Abstract

We present a critical evaluation of the force balance approach in predicting the departure of rapidly growing bubbles from a boiling surface. To this end, we conduct separate effect bubble growth experiments in a carefully controlled environment. We use high-speed video to quantify experimentally all the external forces acting on a growing bubble through the profile of the liquid–vapor interface. Our experimental data show that the momentum conservation equation is always rigorously satisfied, as it should, if the various forces are precisely quantified. However, based on our analysis and our observations, we come to the conclusion that force balance models cannot be either robust or accurate for the purpose of predicting bubble departure.

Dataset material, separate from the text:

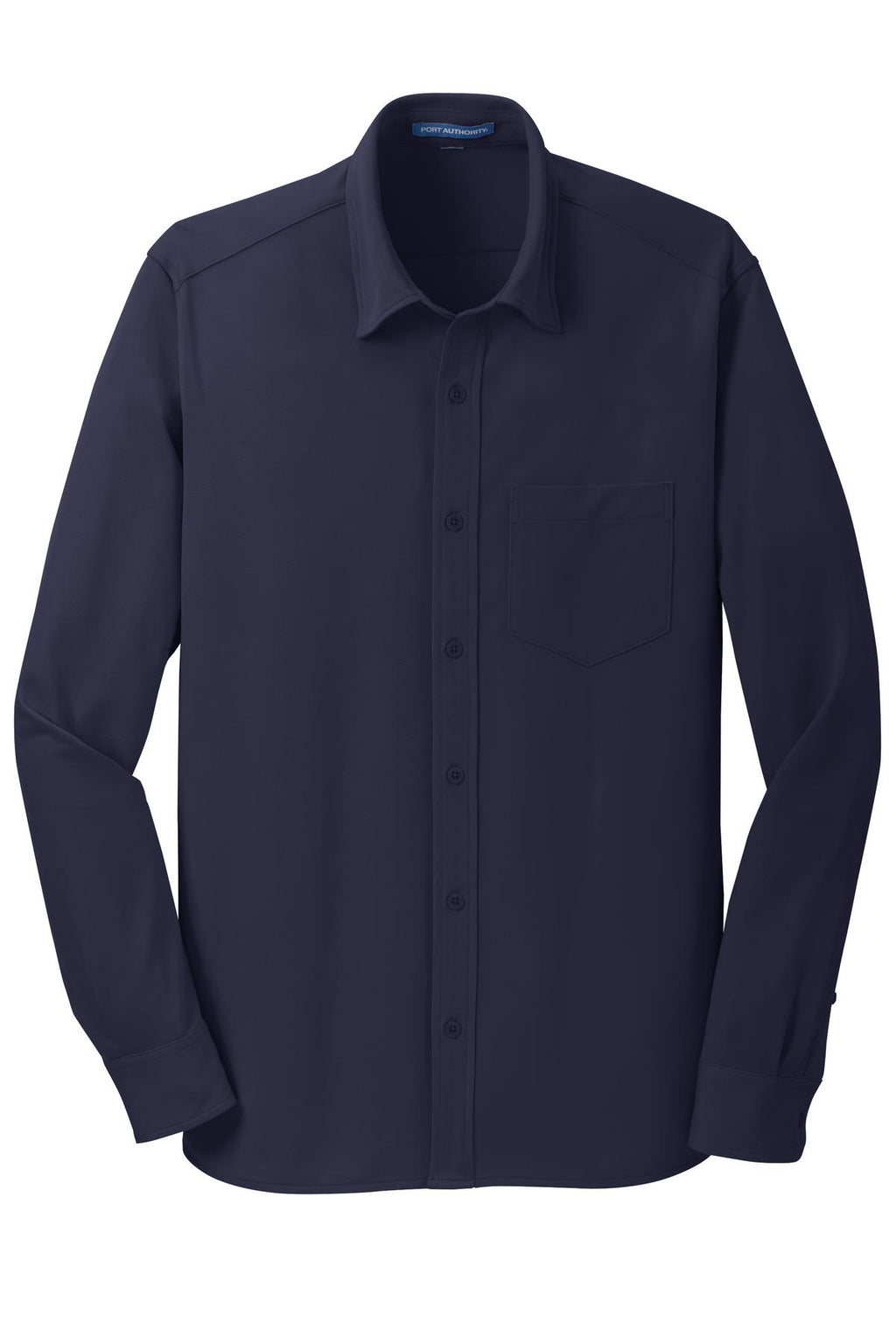 Port Authority K570 Port Authority Dimension Knit Dress Shirt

They are not robust because the rate of change of the bubble momentum, i.e., the key quantity that force balance models aim at evaluating as the sum of the external forces, is orders of magnitude smaller than each of the force terms in the momentum conservation equation throughout the entire bubble life cycle. Thus, the slightest error on one of the external forces leads to very different predictions for bubble departure. The approach is also not accurate because the analytical expressions used to estimate the external forces are riddled with questionable assumptions (e.g., on the bubble growth rate, added mass coefficient, contact line length, and contact angle) and uncertainties that are, once again, orders of magnitude larger than the rate of change of the bubble momentum itself.